Start of Block

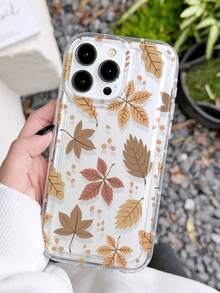 Autumn 1pc INS Style Maple Leaf Pattern Transparent Air Cushion Soft Phone Case, Anti-Slip Full Coverage Phone Case Compatible With IPhone 11/12/13/14/15 Pro Max - Multicolor - View 3
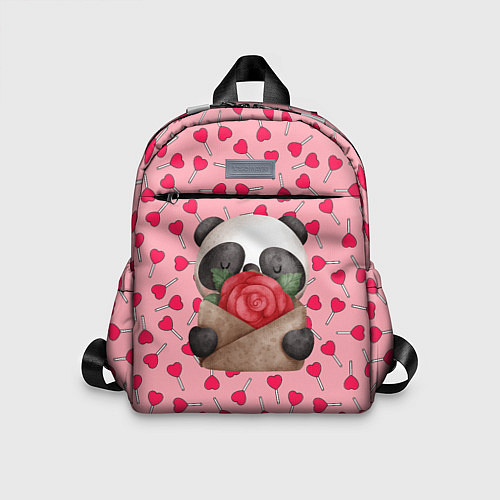 Детский рюкзак Панда с валентинкой день влюбленных / 3D-принт – фото 1
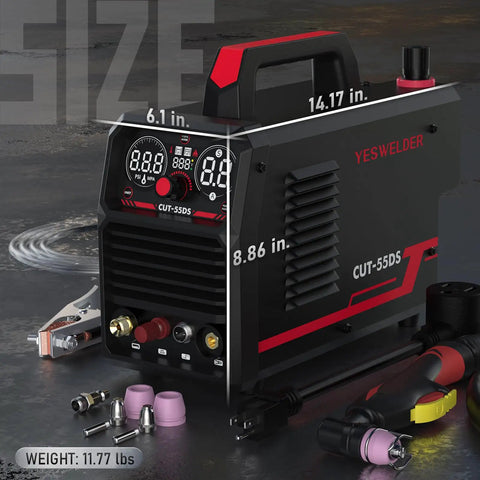 55 Amp Non Touch Pilot Arc Plasma Cutter with Dual Voltage 110 to 220V IGBT Inverter, large display, ETL approved, shown with accessories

End of Block

Work order:
When you reach the line containing "Детский рюкзак Панда" in the listing above, reproduce it and every line after it through the last, exactly; omit the pictures.

Written answer:
 Детский рюкзак Панда с валентинкой день влюбленных / 3D-принт – фото 1
 55 Amp Non Touch Pilot Arc Plasma Cutter with Dual Voltage 110 to 220V IGBT Inverter, large display, ETL approved, shown with accessories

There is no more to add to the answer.